- Input data
++++++
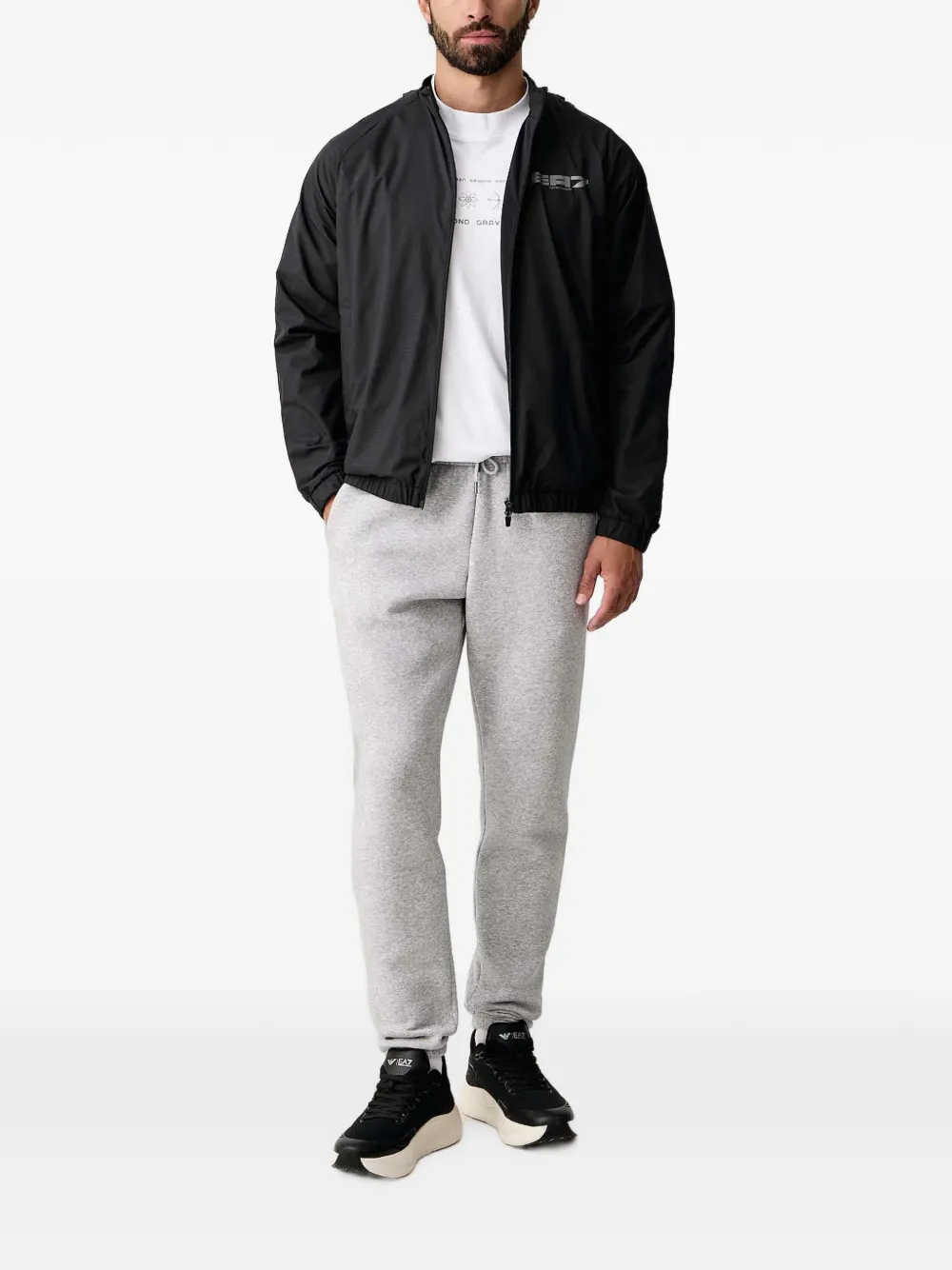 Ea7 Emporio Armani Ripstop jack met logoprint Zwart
++++++
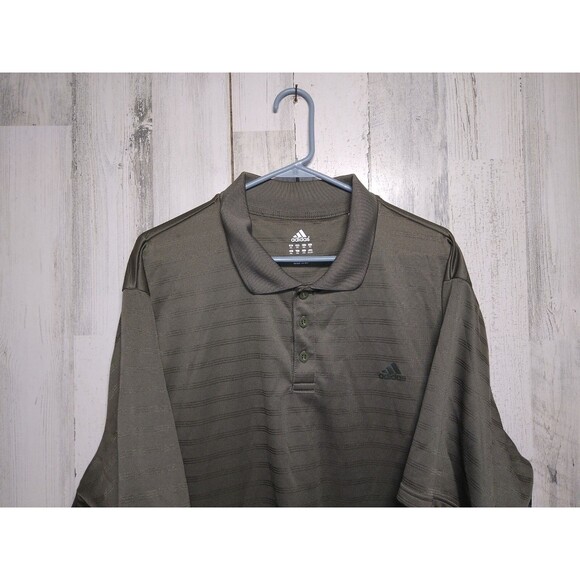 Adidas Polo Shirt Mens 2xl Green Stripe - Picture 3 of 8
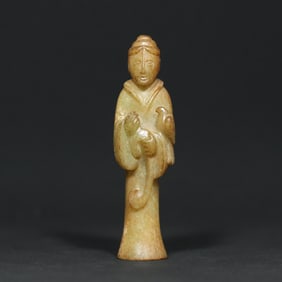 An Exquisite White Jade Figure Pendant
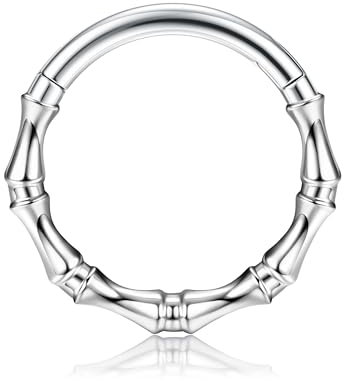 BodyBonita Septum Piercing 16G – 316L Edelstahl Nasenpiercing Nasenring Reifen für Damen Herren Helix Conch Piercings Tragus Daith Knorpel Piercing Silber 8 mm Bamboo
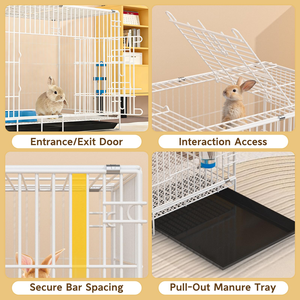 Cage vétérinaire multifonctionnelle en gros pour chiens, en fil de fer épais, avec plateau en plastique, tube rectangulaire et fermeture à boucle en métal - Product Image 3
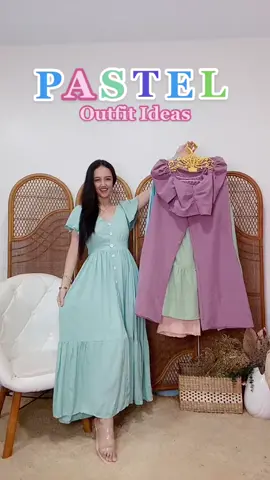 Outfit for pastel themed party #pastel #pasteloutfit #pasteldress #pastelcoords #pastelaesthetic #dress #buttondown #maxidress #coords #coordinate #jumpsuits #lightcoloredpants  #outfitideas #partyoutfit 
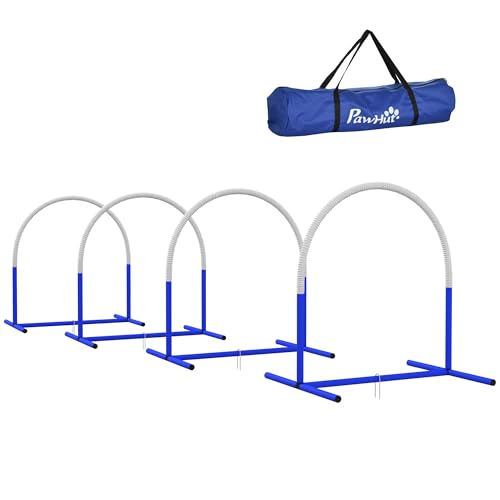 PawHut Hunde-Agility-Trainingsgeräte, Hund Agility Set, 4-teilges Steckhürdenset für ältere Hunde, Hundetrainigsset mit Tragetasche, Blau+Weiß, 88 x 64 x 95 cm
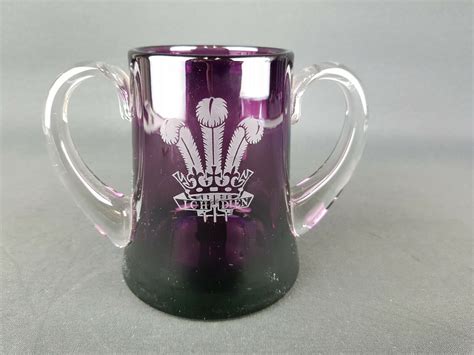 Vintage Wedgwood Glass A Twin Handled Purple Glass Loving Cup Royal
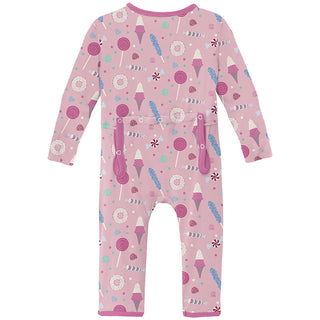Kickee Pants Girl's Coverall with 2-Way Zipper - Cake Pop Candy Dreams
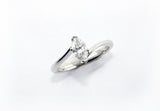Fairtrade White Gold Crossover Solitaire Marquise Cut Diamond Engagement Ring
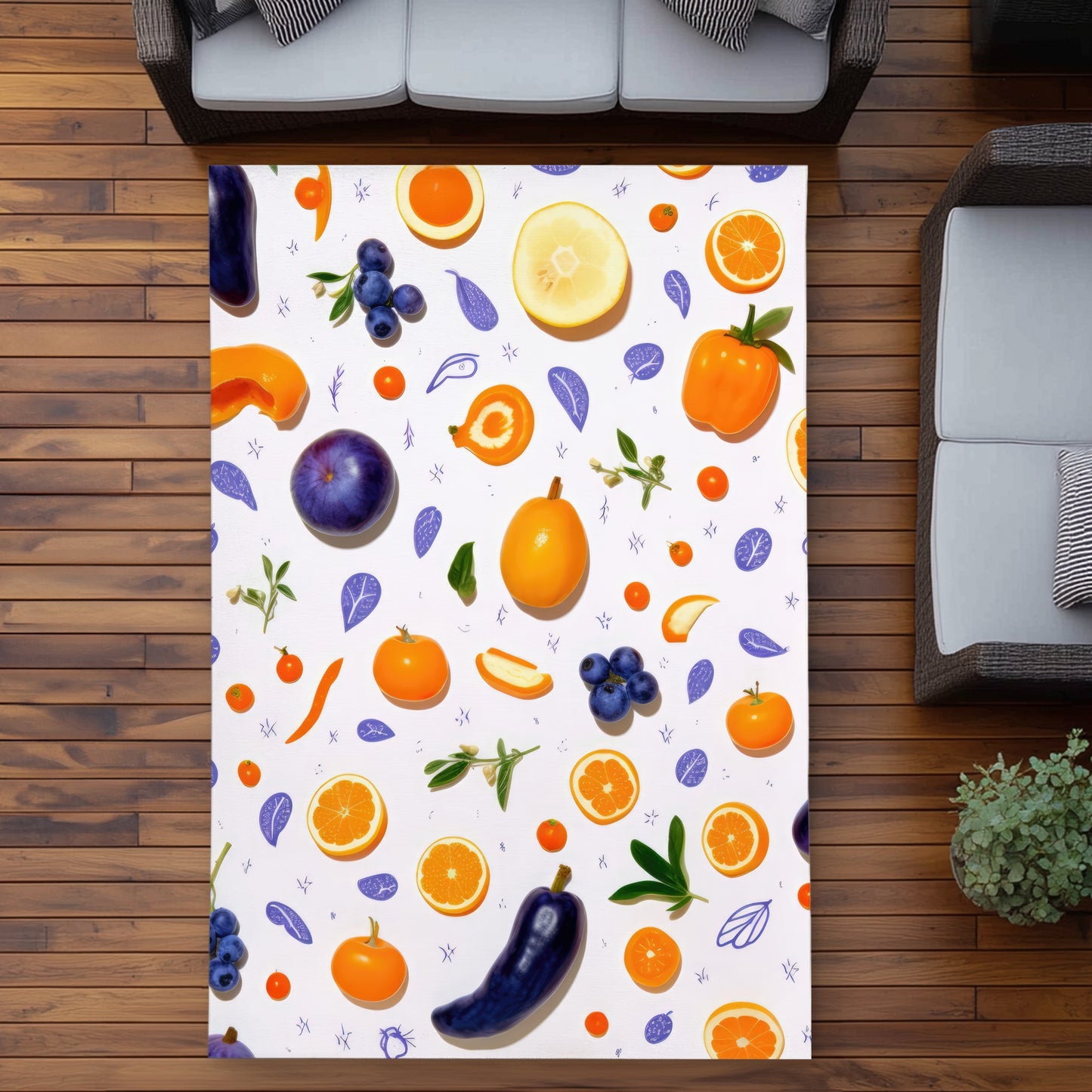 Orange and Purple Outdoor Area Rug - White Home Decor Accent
++++++
- Goal of the exercise
From the records above, copy exactly the lines starting at the one with "An Exquisite White Jade Figure Pendant" and ending at the one with "Outfit for pastel", and no others. Pictures stay out.

- Result for this task
 An Exquisite White Jade Figure Pendant
 BodyBonita Septum Piercing 16G – 316L Edelstahl Nasenpiercing Nasenring Reifen für Damen Herren Helix Conch Piercings Tragus Daith Knorpel Piercing Silber 8 mm Bamboo
 Cage vétérinaire multifonctionnelle en gros pour chiens, en fil de fer épais, avec plateau en plastique, tube rectangulaire et fermeture à boucle en métal - Product Image 3
 Outfit for pastel themed party #pastel #pasteloutfit #pasteldress #pastelcoords #pastelaesthetic #dress #buttondown #maxidress #coords #coordinate #jumpsuits #lightcoloredpants  #outfitideas #partyoutfit 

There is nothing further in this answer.